Scaling Laws: Chinchilla, Hoffmann, and Beyond
Scaling laws are empirical curves that predict model loss given parameter count and training data. They turned LLM training from craft into engineering.
What scaling laws are
Scaling laws are empirical relationships discovered by training many small models and fitting curves to their loss. They predict: given X parameters and Y training tokens, the test loss will be roughly Z.

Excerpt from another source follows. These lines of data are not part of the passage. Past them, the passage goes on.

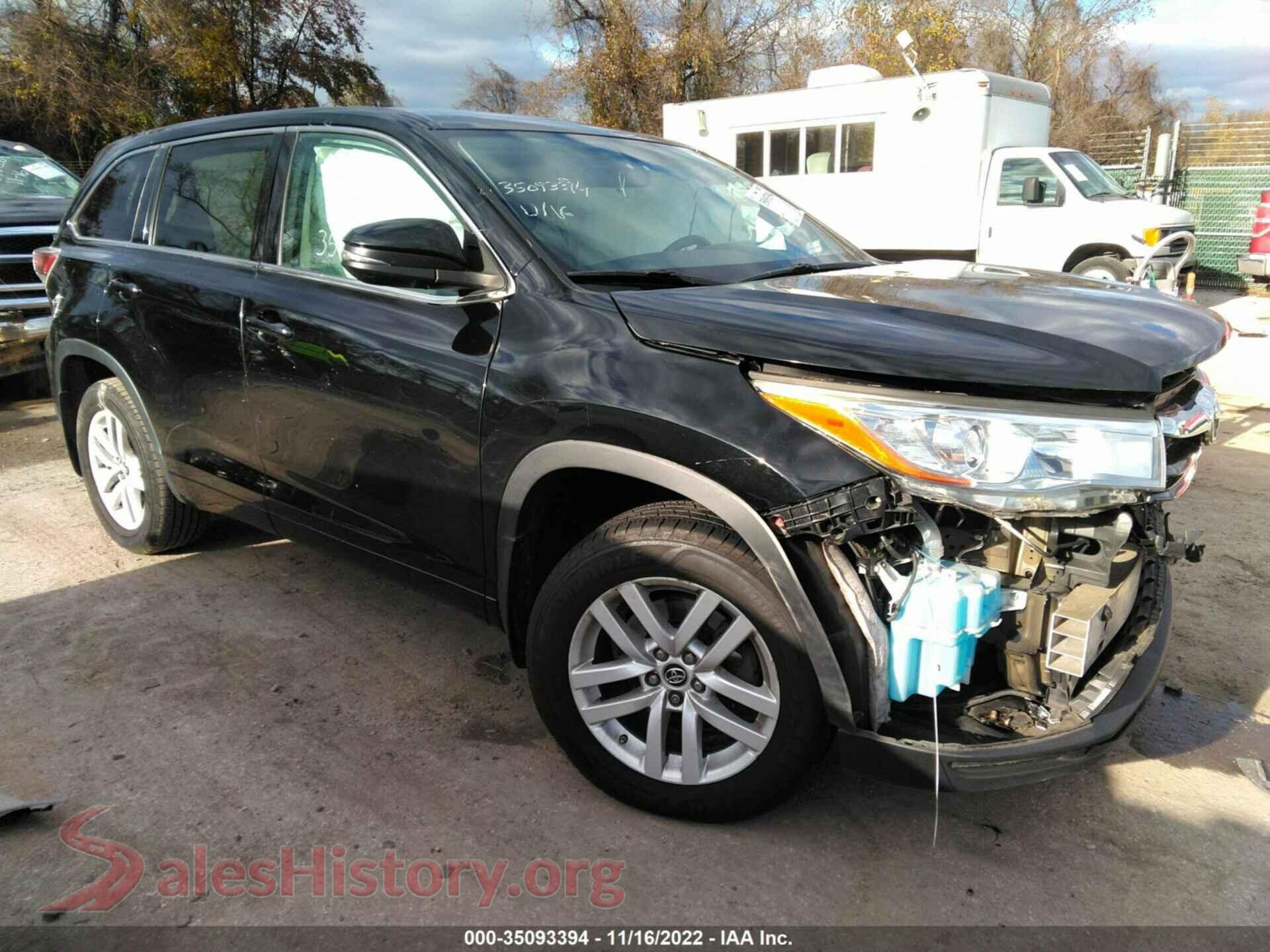 2016 TOYOTA HIGHLANDER — VIN 5TDBKRFH8GS236262
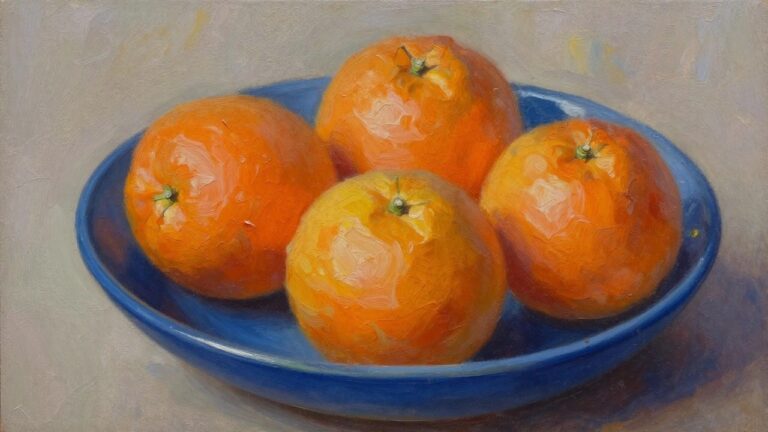 20 Brilliant Oil Painting Color Mixing Ideas for Richer Artwork Oil painting of oranges clustered around a blue vase and bowl on a neutral table.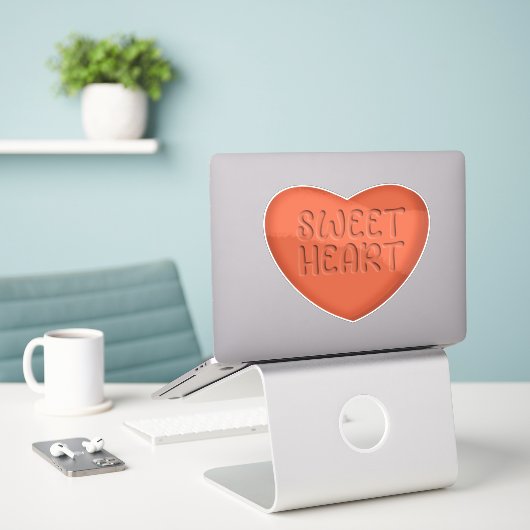 Sweetheart Orange Candy Heart Magnet Aufkleber (Laptop auf Schreibtisch)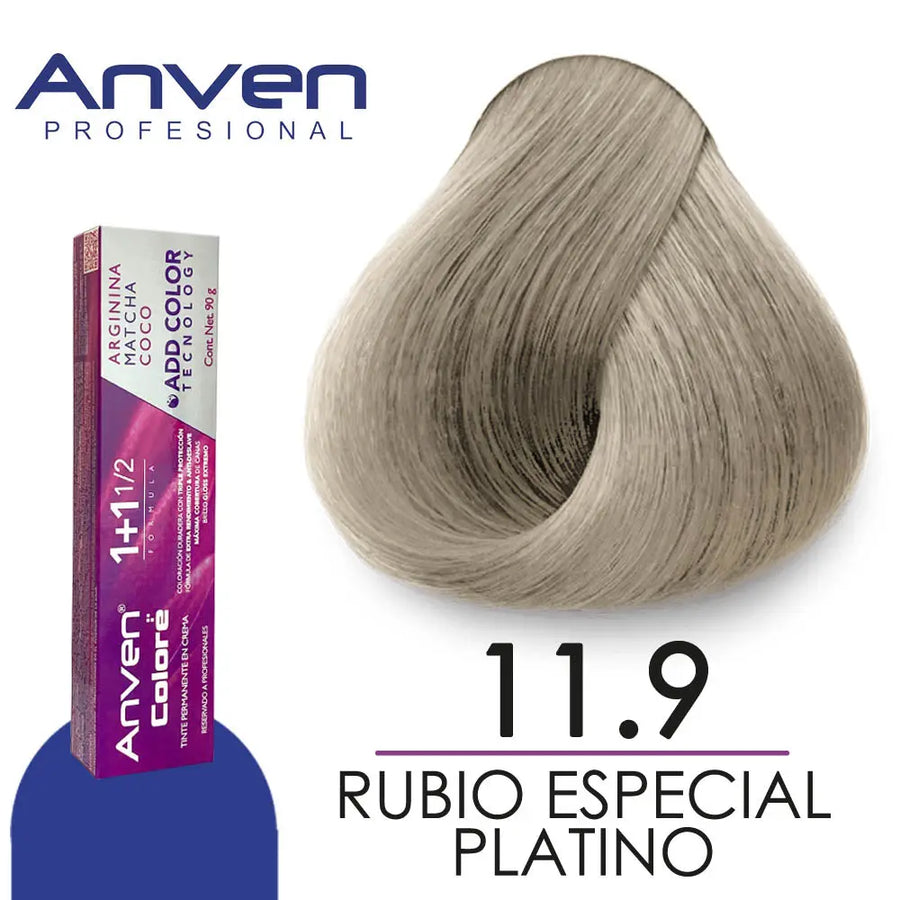 TINTE PARA CABELLO ANVEN A11.9 RUBIO ESPECIAL PLATINO 90GR Perfumería la Mora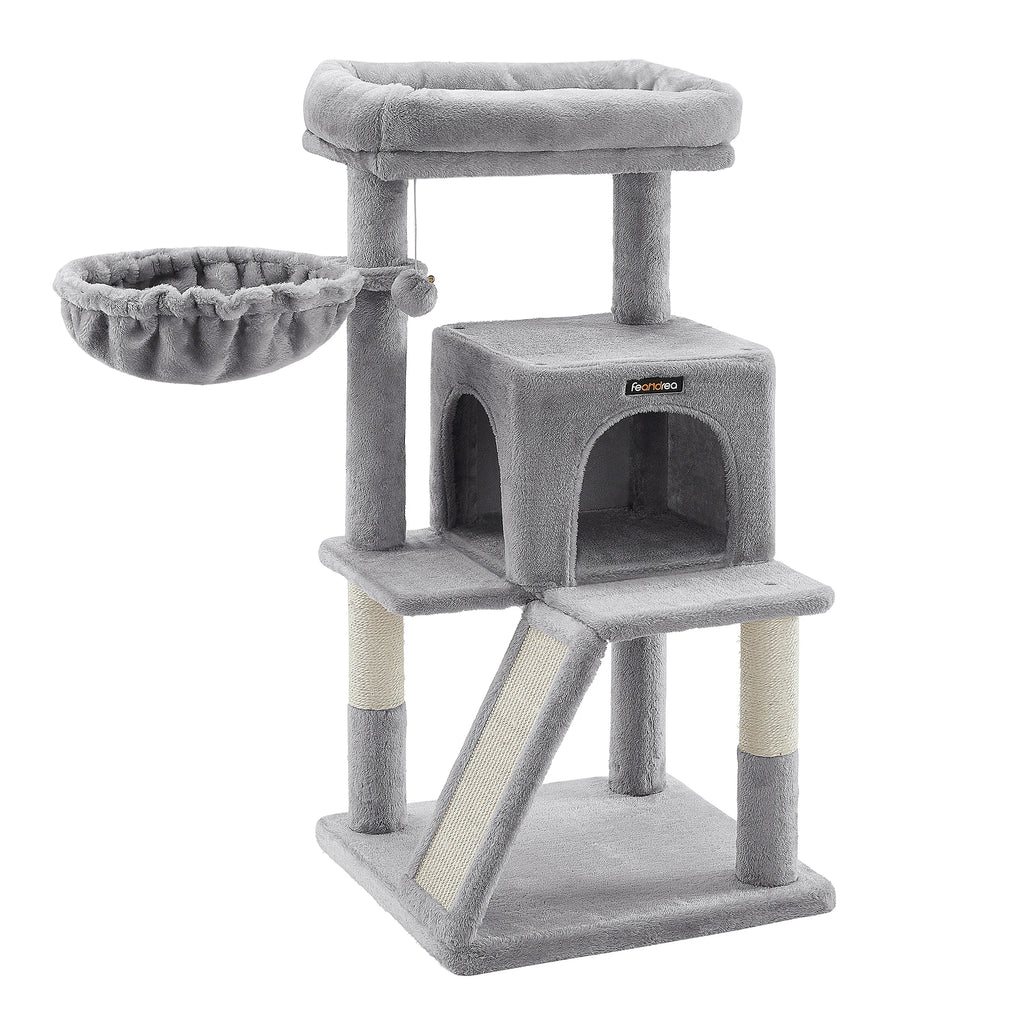FEANDREA scratching post with large observation deck, scratching board by SONGMICS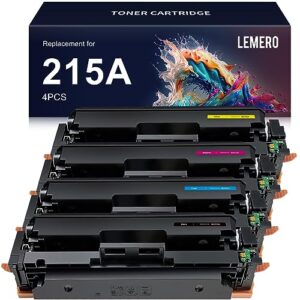 lemero (215a with chip compatible toner cartridge replacement for hp 215a w2310a w2311a w2312a w2313a to use with color pro mfp m182nw m183fw m182 m183 m155 (black cyan magenta yellow, 4 pack)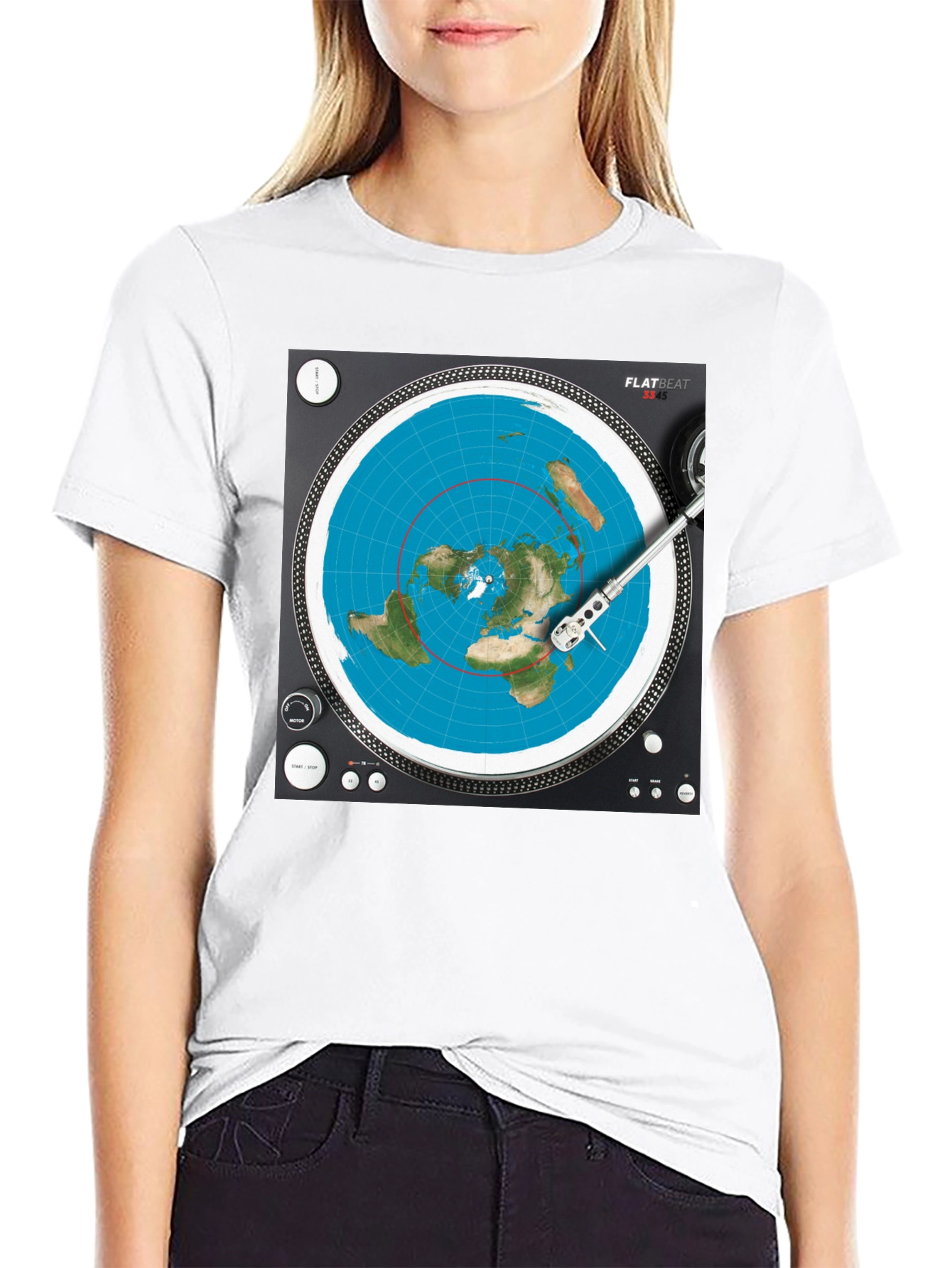 Flat Earth DJ T-Shirt - Spin the Truth!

The shape is power-law: doubling compute reduces loss by a fixed amount. The constants depend on architecture, data, and optimiser, but the qualitative shape is remarkably consistent.
Kaplan 2020
The first major paper (Kaplan et al., OpenAI). Trained dozens of models from 1M to 100M parameters and extrapolated. Conclusion: model size matters more than data size; bigger models are more sample-efficient.
This drove the 2020-2021 trajectory of GPT-3 and similar “train a giant model on whatever data we have” runs. In retrospect, Kaplan’s extrapolation was wrong.
Chinchilla 2022
Hoffmann et al. (DeepMind) re-examined the relationship at much larger scale. Their finding: for a given compute budget, the optimal allocation has roughly equal proportions of parameters and tokens. Earlier models had been undertrained.
The Chinchilla rule of thumb: ~20 tokens per parameter. A 70B model should see ~1.4T training tokens for compute-optimal performance. The Chinchilla-70B model, trained per this prescription, beat the 280B Gopher model on most benchmarks at one-quarter the parameter count.
This realigned the entire field. After Chinchilla, training runs targeted compute-optimal token counts, which often meant much more data on smaller models.
After Chinchilla
The 2023-2025 trajectory complicated the picture. Several observations:
- Chinchilla-optimal is for compute. For inference cost, you want even more tokens per parameter (smaller models, more data) because inference is dominated by parameters.
- Llama and Mistral models train at 5-10x Chinchilla token counts. Empirically better for downstream task performance.
- Synthetic data adds a wrinkle: scaling laws derived from real-text data may not hold in regimes where synthetic data dominates.
The current rule of thumb for production-oriented training: train smaller than Chinchilla suggests, on more data than Chinchilla suggests. Inference cost dominates training cost over a model’s lifetime.
What scaling laws don’t say
Scaling laws predict loss. Loss correlates with capability but not perfectly. Several phenomena escape scaling laws:
- Emergent capabilities: certain abilities appear suddenly at certain scales without smooth precursors.
- Long-tail knowledge: rare facts don’t track the loss curve.
- Reasoning depth: not predicted by parameter count alone.
- Alignment: post-training behaviour doesn’t scale with pretraining loss.
Scaling laws are essential planning tools. They’re not a complete theory of capability. The remaining gaps are where the interesting research happens.